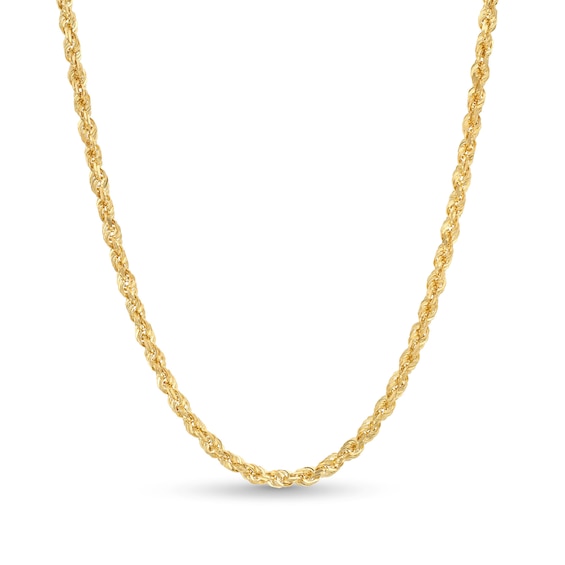 3.8mm Diamond-Cut Glitter Rope Chain Necklace in Solid 10K Gold - 20"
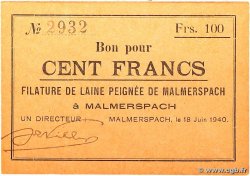 100 Francs FRANCE régionalisme et divers Malmerspach 1940 BU.45.05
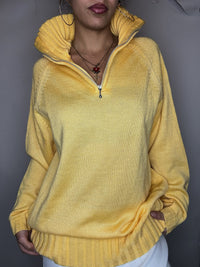 Pull jaune col cheminée XL vintage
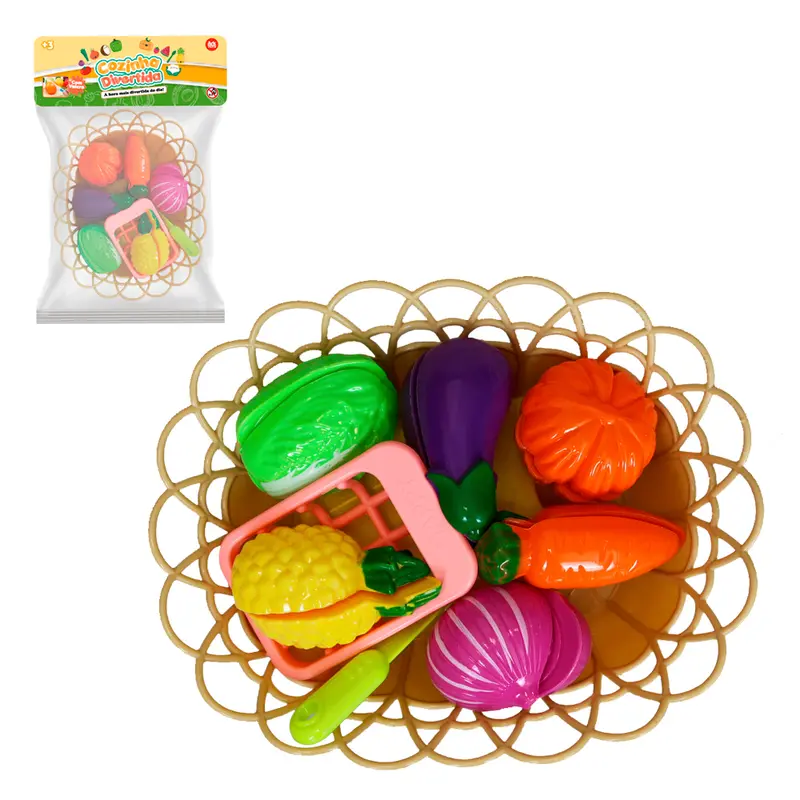 KIT COZINHA INFANTIL COM CESTA + FRUTAS / LEGUMES E ACESSORIOS COM VELCRO COZINHA DIVERTIDA 10 PECAS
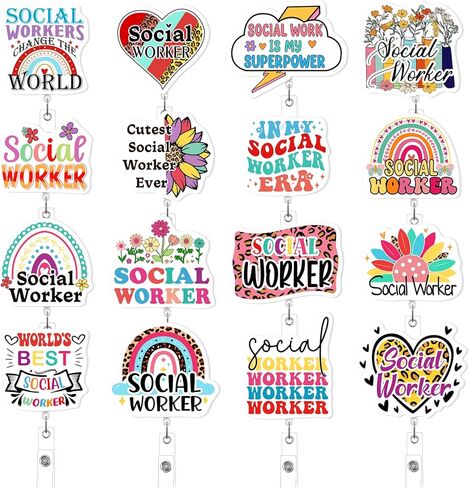 16PCS Social Worker Month Appreciation Gifts Retractable Badge Reel with Clip: Badge Holder Decorations Party Decor Supplies in Saudi Arabia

★ ★ ★

### Required work
Set down exactly, line for line, the data from the line that contains "KIT COZINHA INFANTIL" through its last line, keeping pictures out.

### Exercise answer
 KIT COZINHA INFANTIL COM CESTA + FRUTAS / LEGUMES E ACESSORIOS COM VELCRO COZINHA DIVERTIDA 10 PECAS
 16PCS Social Worker Month Appreciation Gifts Retractable Badge Reel with Clip: Badge Holder Decorations Party Decor Supplies in Saudi Arabia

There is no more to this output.